Frying a Turkey

Kebo07

Senior Member
I have searched but did not find anything. There are some fantastic cooks here and I was hoping you could give me some tips on frying a turkey this Thanksgiving. I have the burner, turkey pot, etc. I understand that it must be fully defrosted and I better do it outside. I was looking for if you Brine it, rub it, or inject it, or all these to make it better. Thanks for the help.
 

specialk

Senior Member
keep kids, pets, and or drunk clumsy adults away from the cooking area.....they are delicious but with the price of oil I now spatchcock my bird....
 

Kebo07

Senior Member
I did not even think of the youtube. This and the NC hunting forum is about all my computer knowledge. Appreciate the heads up.

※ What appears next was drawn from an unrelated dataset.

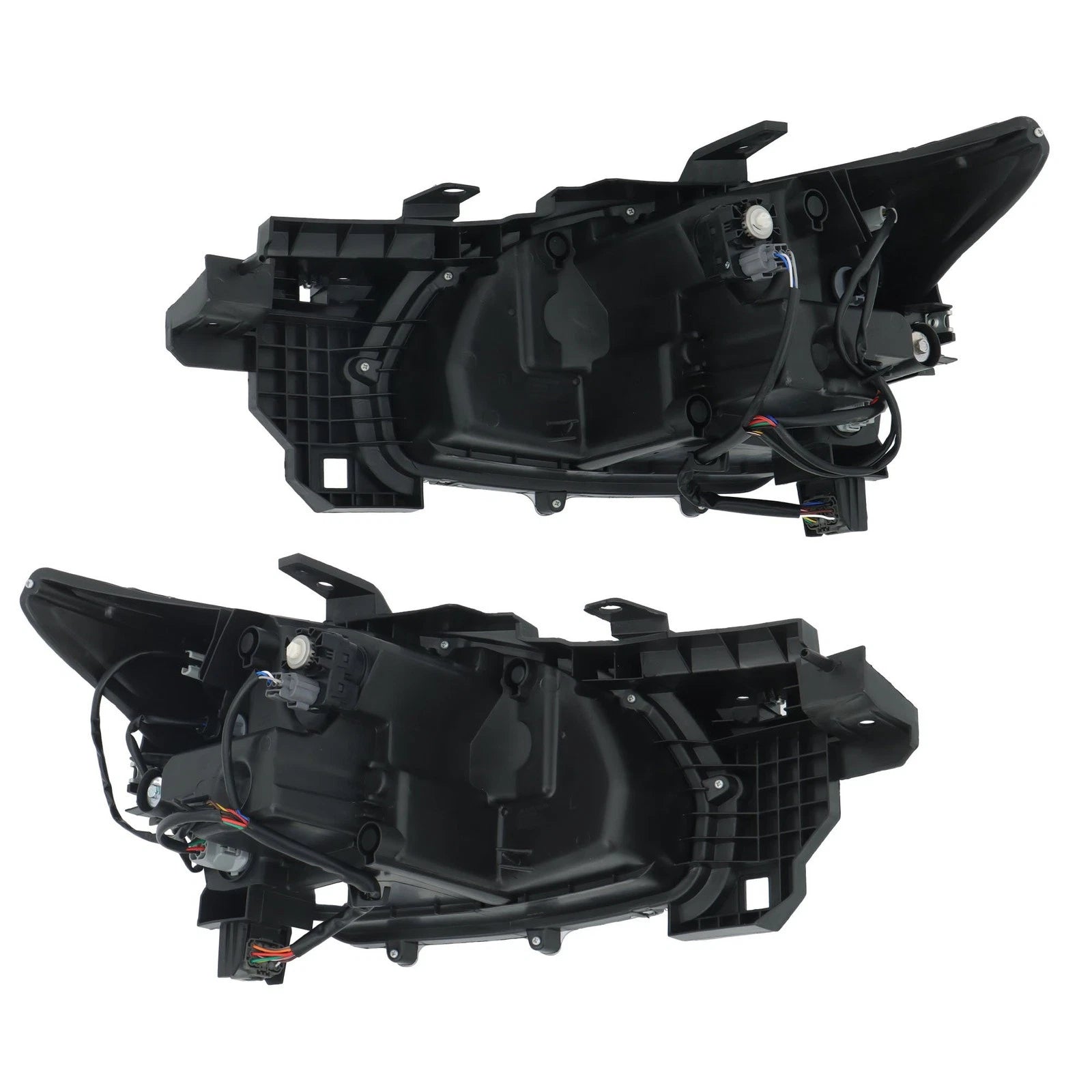 Set of 2 Front Headlights for Mazda CX-9 (2016–2023) LED Halogen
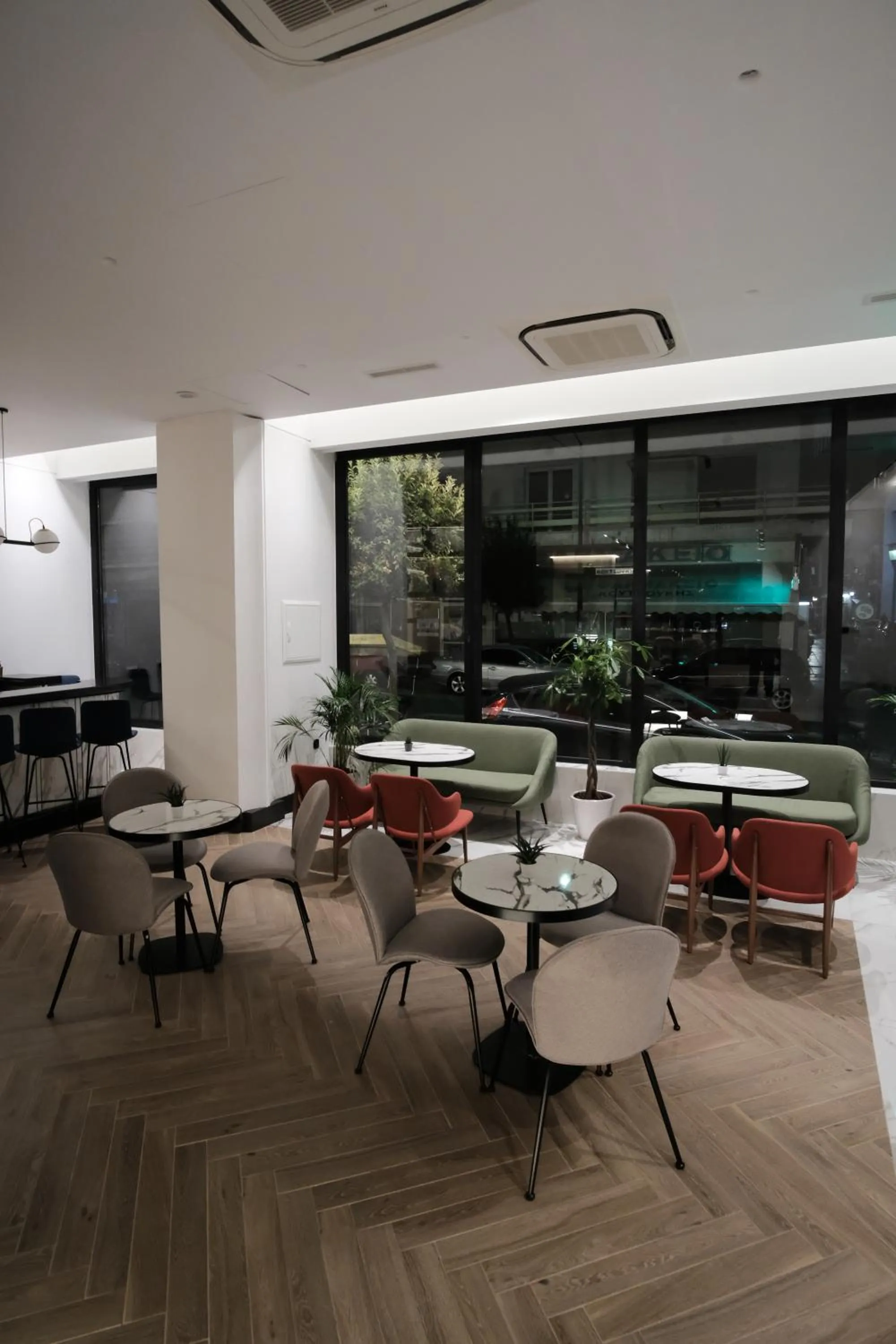 Lounge or bar in Hotel Park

Kids will be easy to keep away......Drunk adults, not so much as my Brother is coming. lol
 

mark-7mag

Useless Billy Director of transpotation
No brining needed. I usually inject with creole butter and season outside with cajun seasoning. DO NOT PUT TOO MUCH OIL IN POT. Turn burner off when you drop the turkey and then re-light
 

Ruger#3

RAMBLIN ADMIN
Staff member
Melt some butter, blend with creole or other seasoning to your preference and inject the turkey. Cook it per the video.
 

Dr. Strangelove

Senior Member
keep kids, pets, and or drunk clumsy adults away from the cooking area.....they are delicious but with the price of oil I now spatchcock my bird....
Honestly unless you have a couple of friends or relatives that also want fried turkeys or just really deep fry a lot, it's not worth the trouble for one bird.

We used to all gather at a friend's place on Thanksgiving morning and fry multiple turkeys for anyone who wanted one while enjoying holiday libations.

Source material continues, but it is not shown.